Interestingly, Gen. Bajwa decided to contest Imran Khan’s anti-American diatribe. At an Islamabad forum, he argued that “we have a long and excellent strategic relationship with the US, which remains our largest export market”. But, he added, Pakistan also has a “close strategic relationship with China, demonstrated by our commitment towards the China-Pakistan Economic Corridor”. And then, surprisingly he also went on to say: “Sadly, the Russian invasion against Ukraine is very unfortunate”. He explained that despite Russia’s legitimate security concerns, aggression against “a smaller country cannot be condoned”. The last argument obviously had India in mind.
This finally displayed the fracture lines that forced the Pakistan Army to cut its support to Imran Khan. I had argued on television earlier that the Pakistani Army’s discomfort must have grown with Imran beginning his two-day Moscow visit on February 24, the very day that President Vladimir Putin began his invasion (or “special military operation”) in Ukraine. With time it became clear that Imran Khan misread the likely direction of the Ukraine war. He misjudged, like Pakistan’s ally China, that the war was likely to end quickly and with the Russian objective of regime change achieved.
It is worth recalling how Gen. Pervez Musharraf, then Pakistan’s President, did an instantaneous mid-air flip after 9/11 when the US President George W. Bush pointedly asked him if Pakistan was “with us or against us”. Armies can make tactical decisions much more quickly than democratically elected leaders. Gen. Bajwa has done likewise. Pakistan needed to be pulled out of the Russia-China corner with the war in Ukraine drifting towards stalemate or the Russians’ failure to achieve most of their principal objectives. Pakistan needs the United States for financial assistance from the IMF as well as to balance relations with China.

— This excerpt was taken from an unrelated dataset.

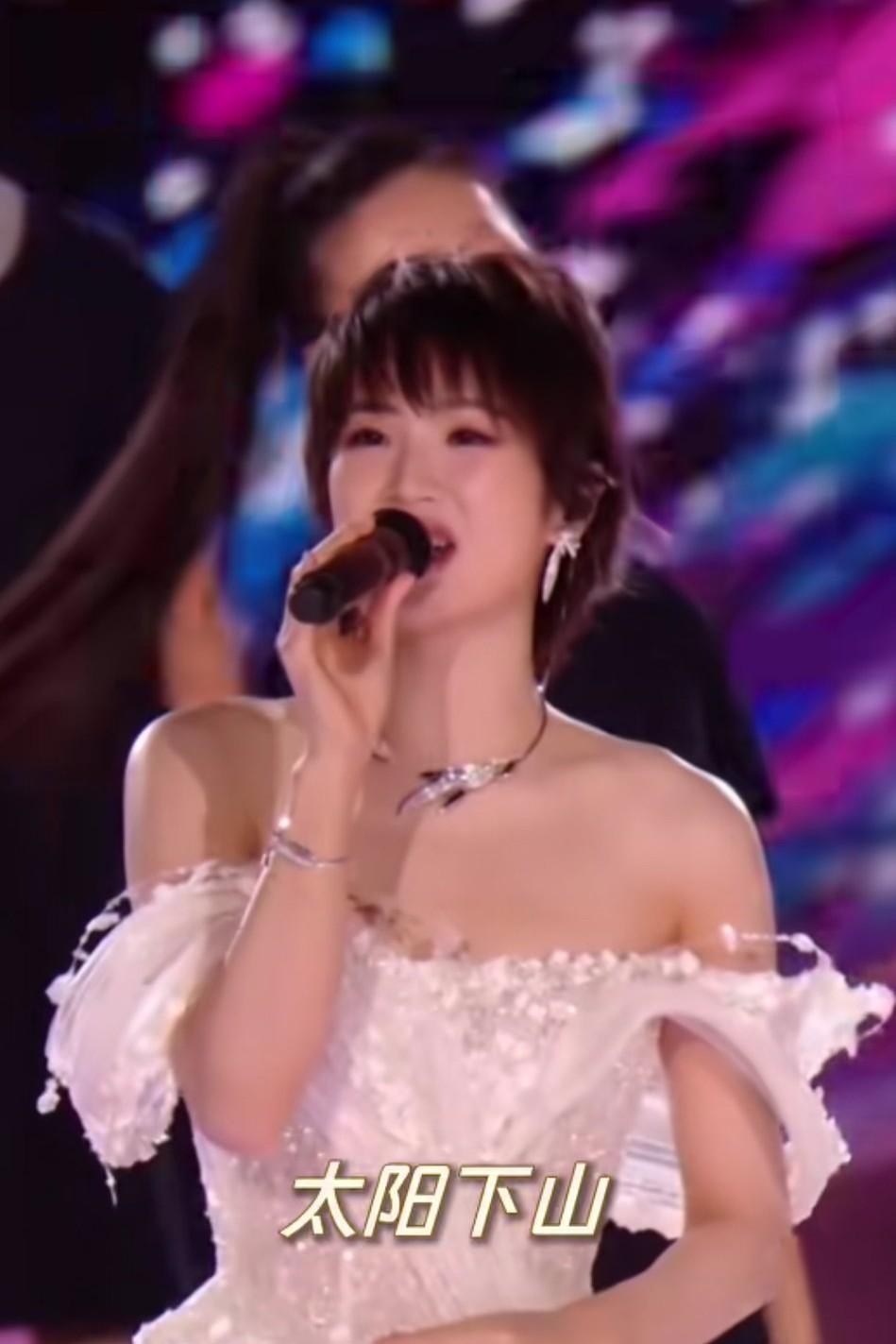 姚安娜对娱乐圈最大的贡献自从她开始演戏以后，没有人敢，在娱乐圈，立富二代人设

Even more significantly, they probably think that it may be an opportune time to align with the US when India has been fence-sitting on Ukraine, thus creating questions about its reliability as a potential strategic partner.
What happens next depends on the Pakistan Supreme Court. If the deputy speaker’s ruling is struck down and the no-confidence vote resurrected, then Shahbaz Sharif may well become Prime Minister. It is an outcome Imran Khan would least want. One year of better governance by his successor can sink his ability to use emotional arguments to rabble rouse. On the other hand, the Supreme Court may allow fresh elections to enable the air to be cleared. But in any case, under Pakistan’s constitutional system, an interim Prime Minister would have to be appointed during the election period.
For India, the remarks of Gen. Bajwa about the need for normalisation of relations with India are important. But it is unlikely that any Pakistani Prime Minister would reach out to India until after the elections in his country. India will also have to show flexibility in moving Jammu and Kashmir towards statehood and a popular government. Prime Minister Narendra Modi may also not think of engaging Pakistan unless a leader is available who has the Army’s confidence and the courage to contain the jihadi organisations. The Sharifs have traditionally pandered to the Punjab-based militant outfits. However, Gen. Bajwa’s recent statesman-like remarks raise hopes of a new beginning, subject to the usual caveat of the jihadi tail often wagging the dog.